SEECA - Specialty Eye Care - Houma, LA
 
 
 

Veterans Vision Day

From the time he entered ophthalmology in 1998, Dr. Arthur Joseph Delahoussaye IV wanted to do something special for veterans, whom he knew from his own family’s experience had given so much themselves.

That’s how Veterans Vision Day began at SEECA, his Corporate Drive practice. On Nov. 11 – as has been done in past years – veterans and their families will receive free eye exams. 

“I wanted to give something back to the veterans of our area and or region because I knew how they had sacrificed for our country and our freedom.” Dr. Delahoussaye said. “I thought about what I could do to help out and it was logical to give my services as an ophthalmologist. The response was awesome.”

“Dr. D” began Veterans Vision Day in 2002, continuing through 2011 when personal tragedy struck, nearly ending not only the Dr. Delahoussaye’s gift to vets, but life itself.

An avid cycling rider and racer, Dr. Delahoussaye was critically injured when his bike flipped during training for an upcoming meet. He remembers being on life support at Terrebonne General Medical Center.

“I was not sure if I was going to live,” he recalled, “I was paralyzed from a broken neck. I couldn’t talk or move but I could hear.”

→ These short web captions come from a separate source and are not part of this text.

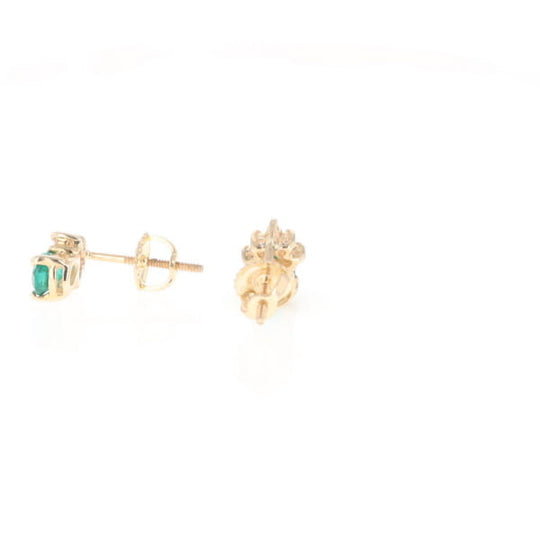 Synthetic Emerald Pear Shaped Earrings with Diamond Accents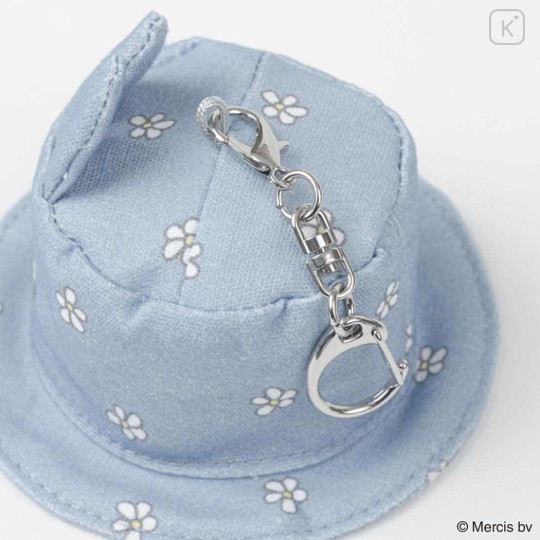Japan Miffy Miniature Keychain - Miffy : Hat Blue Flower - 3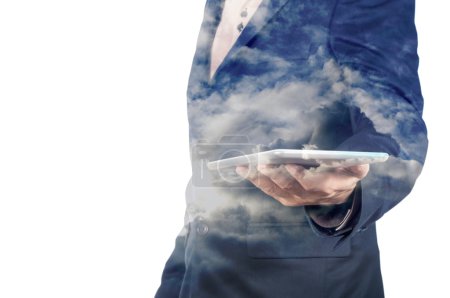 Double Exposure of Businessman with Wireless Tablet Device and C
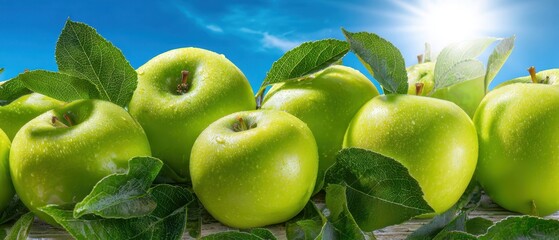 The Green Apples on a Sunlit Rustic Surface Creating Fresh Orchard Appeal
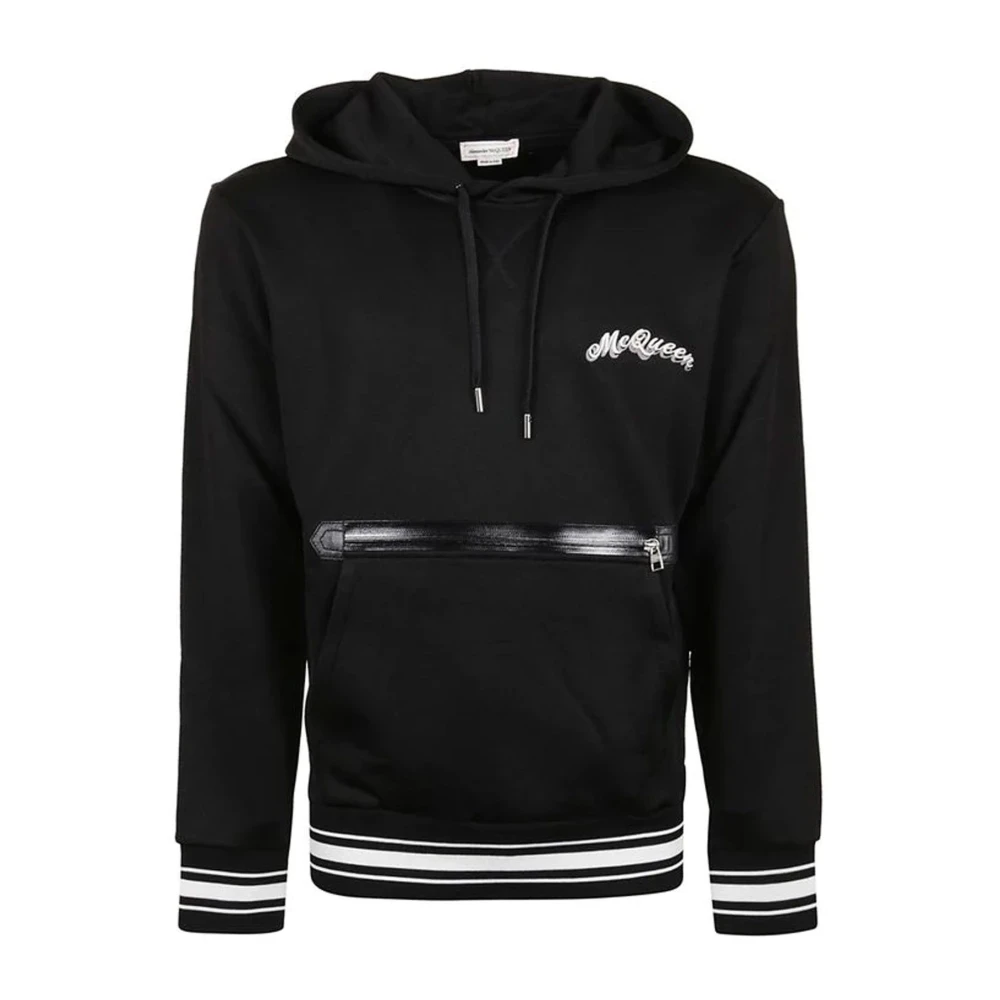 Alexander mcqueen Hoodie met logo en geribbelde afwerking Black Heren
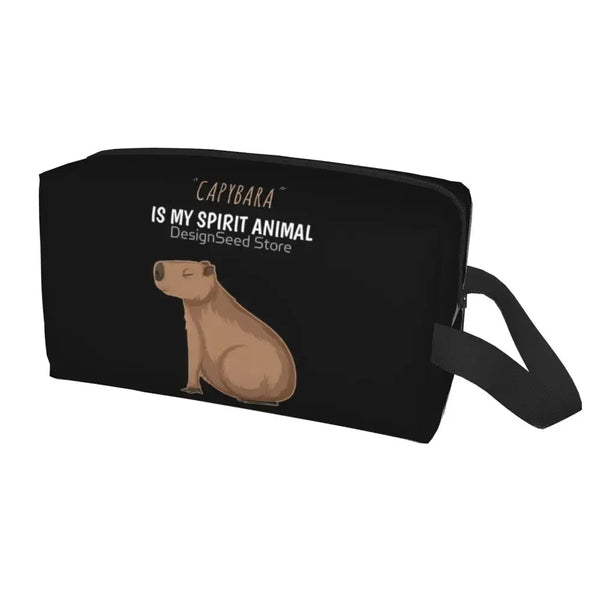 Custom Capybaras In Green Pet Travel Cosmetic Bag Women Capybara Makeup Toiletry Organizer Lady Beauty Storage Dopp Kit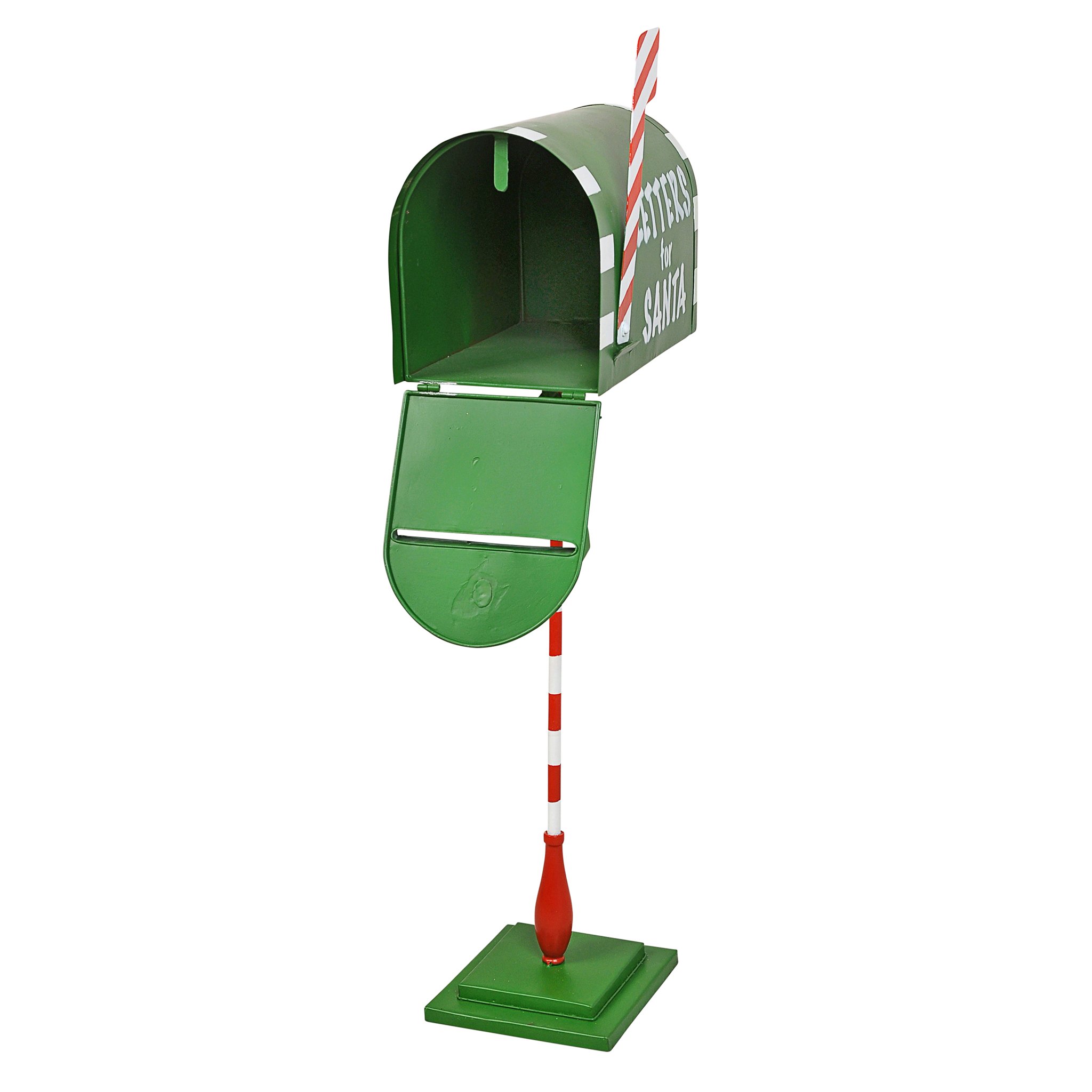 Santa Claus Christmas Mailbox - Metal Holiday Decor for Letters to North Pole | Christmas Cards & Decorations for Home, Office, and Festive Parties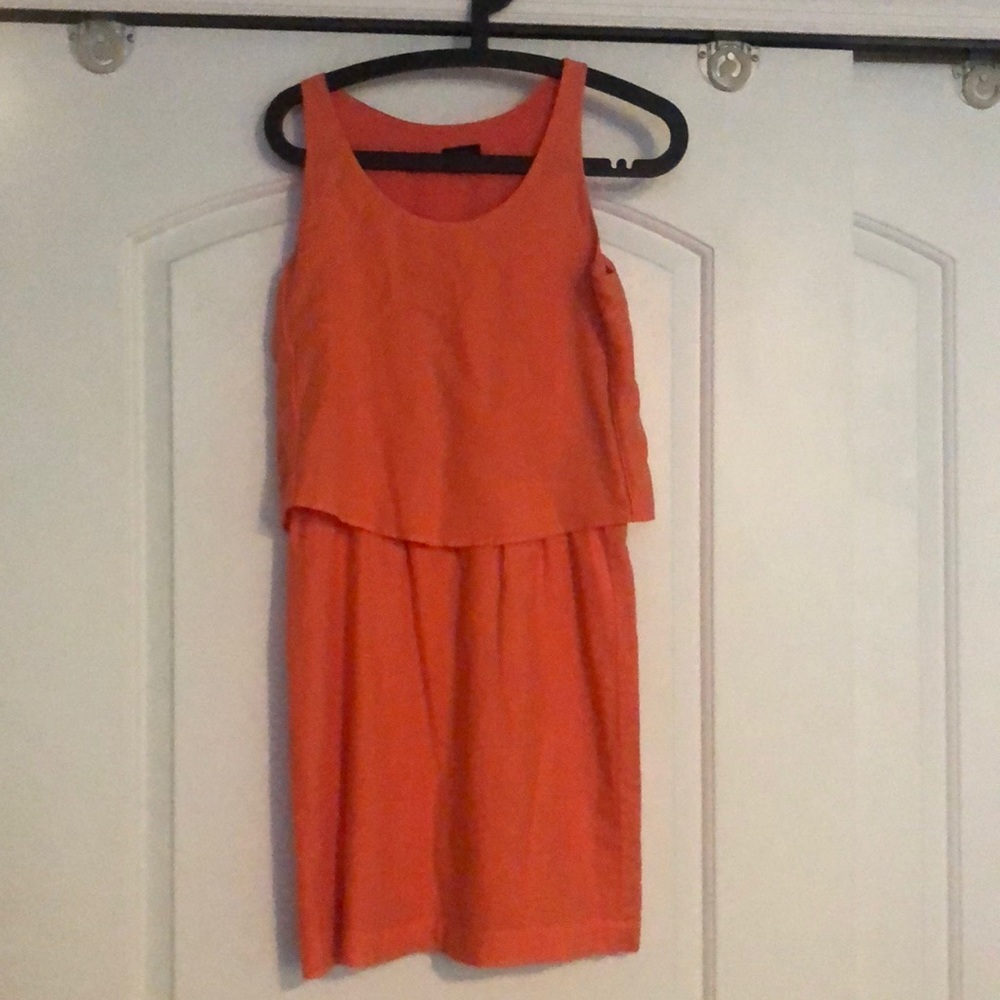 Theory sleeveless tiered coral dress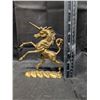 Image 2 : Unicorn Gold Coloured Metal Decor Figurine 5"x6" Tall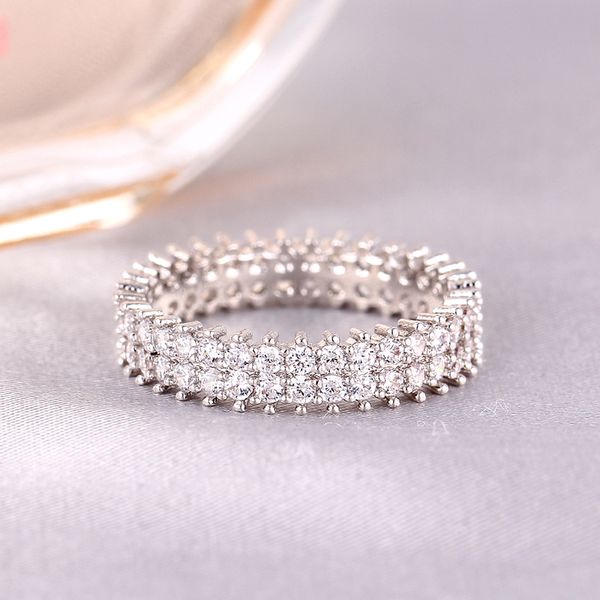 

18kgp classical cubic zircon cz ring for women, Slivery;golden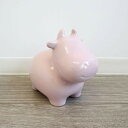 送料無料 かわいい 陶器製 陶器貯金箱 ウシ ライトピンク おしゃれ かわいい 置物 オブジェ インテリア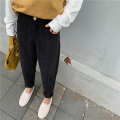 BGTEEVER Spring Summer Women Corduroy Pants Vintage High Waist Female Straight Pants Casual Women Trousers Capris 2020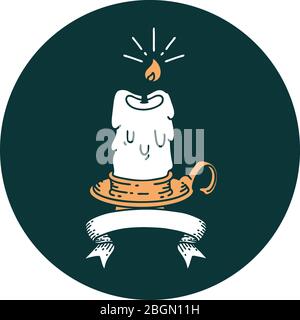 icône d'une bougie de fusion ésoyeuse de style tatouage Illustration de Vecteur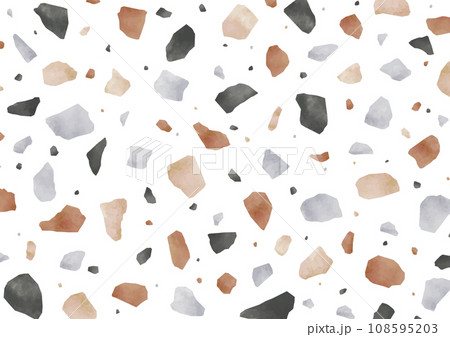 テラゾー人造大理石の茶や黒の水彩画背景 108595203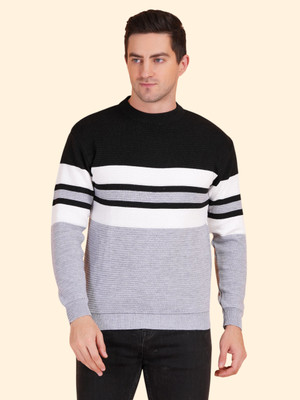 GLAUCUS Striped Round Neck Casual Men Grey Sweater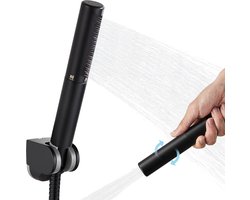 Messing 2-in-1 handdouche en sproeier - Hogedruk handdouche met slang en ABS-houder, matzwart Douchekop + douchestandaard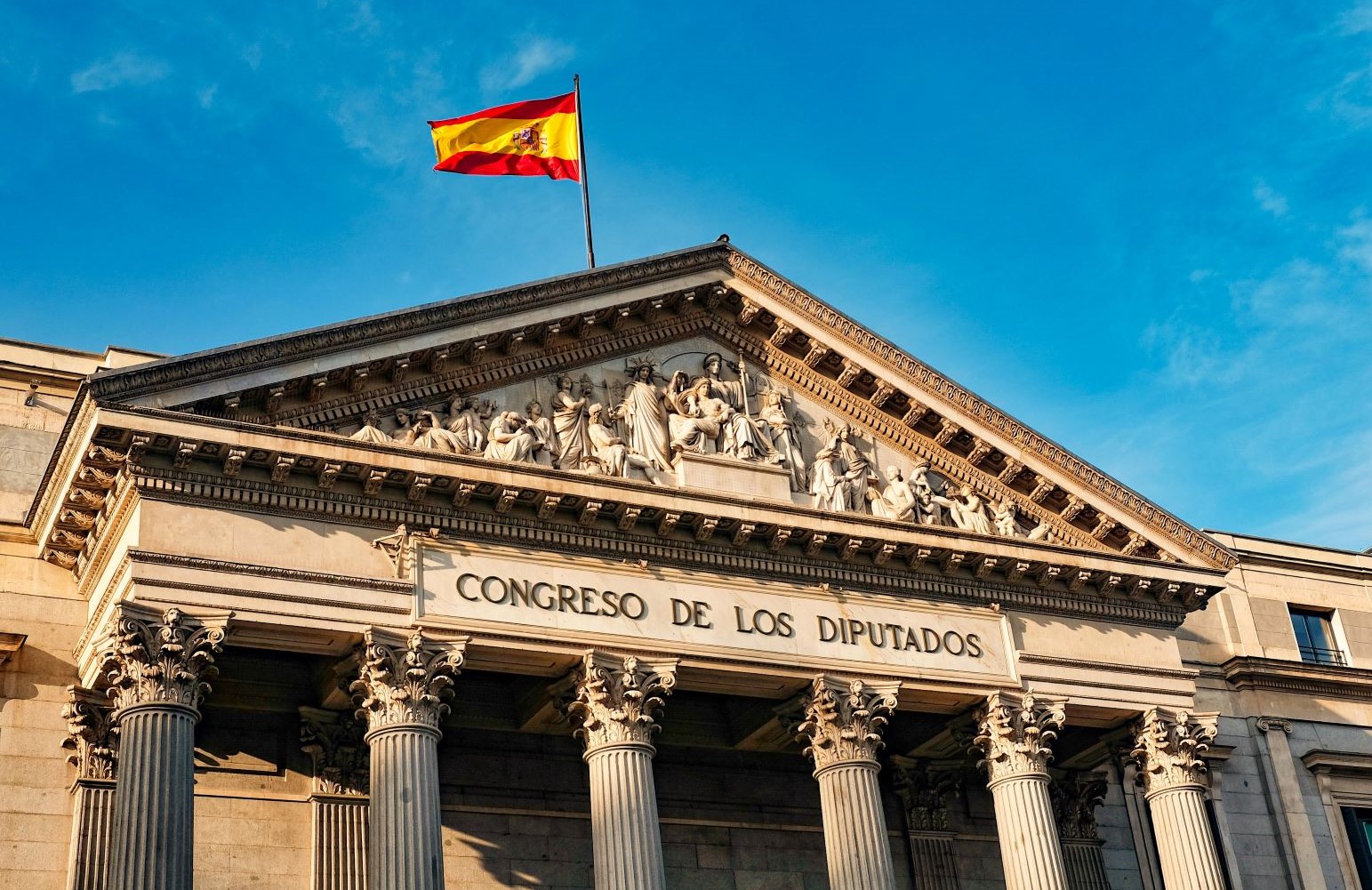 building with Spanish flag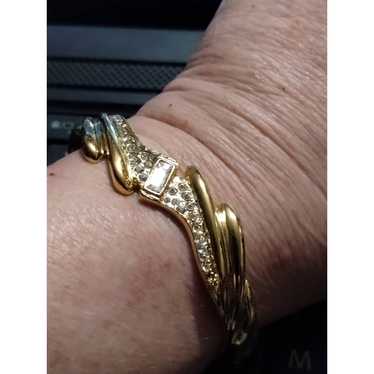 Gorgeous vintage gold and rhinestone clamp bracel… - image 1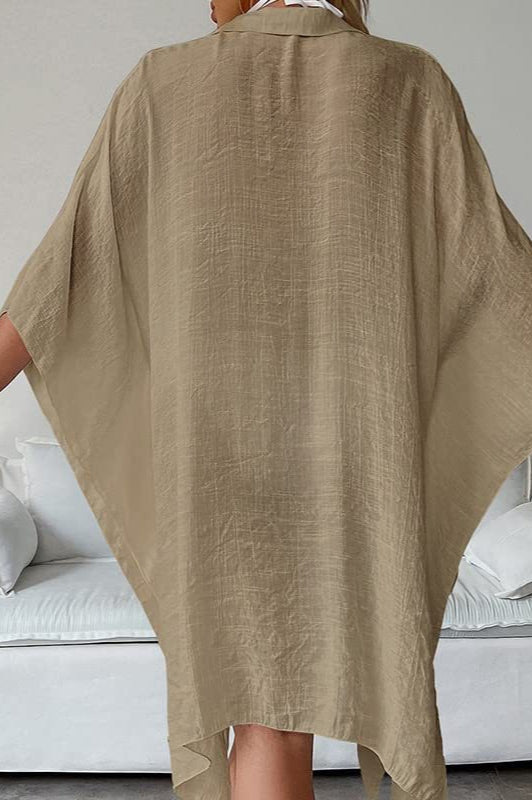 Cárdigan playero informal de manga murciélago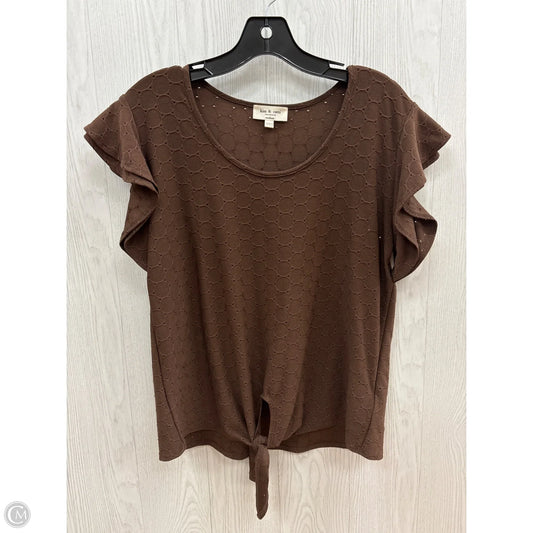 Top Short Sleeve By Kim & Cami In Brown, Size: M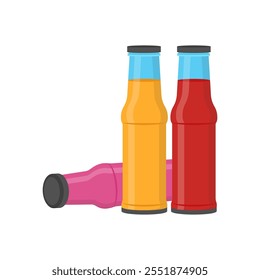 Icono plano de salsas, Ilustración vectorial
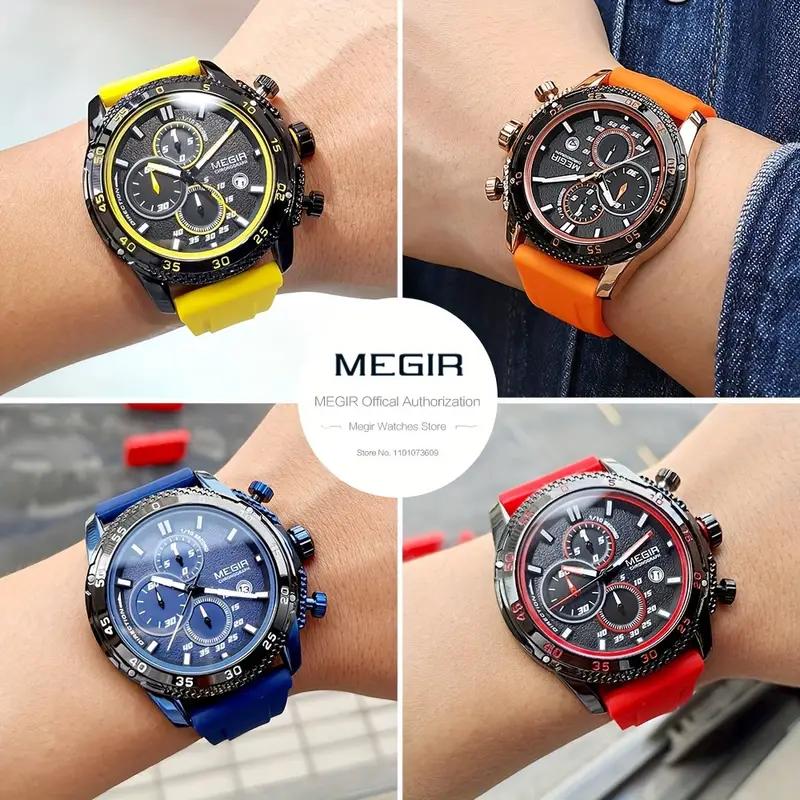 Megir Men's Watch With Silicone Strap Chronograph Quartz Wristwatches Glow Waterproof Wrist Watch, Ideal Choice for Gifts 2211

Months of in-patient therapy and years of out-patient therapy afterward got Dr. D walking and talking again. The soft-spoken eye doctor had a lot of help, from friends, family and in particular fellow practitioners. While he was getting better other doctors kept his practice going, refusing to let it falter. They helped his wife, Melissa,  not only with the business but also with their children.

In 2015 he came back to work, and although each day was a struggle at first, he persevered. One of the very first things he wanted to ensure was that Veterans Vision Day resumed.

Dr. D did not himself serve in the military. But his father did. Arthur J. Delahoussaye III was a Marine Corps captain killed the first night of the deadly Tet Offensive in Vietnam by ground-fire in Quang Tin Province. His namesake son was a year old. Dr. D has memories passed on from his mother reverence for the sacrifice his father made.

“I really respect the sacrifices they all have made,” Dr. D said. “They made them for America. I wasn’t in a position in medical school to do anything about it. But the first thing I did when I got my business established was say ‘let’s help the veterans’.”

Dr. D takes some comfort from knowledge that his small gift to vets gives life to the etching for his father on Vietnam Memorial Wall.

“His legacy inspires us to recognize all veterans who served to protect our freedom,” to which Dr. D ass, “He would be very proud.”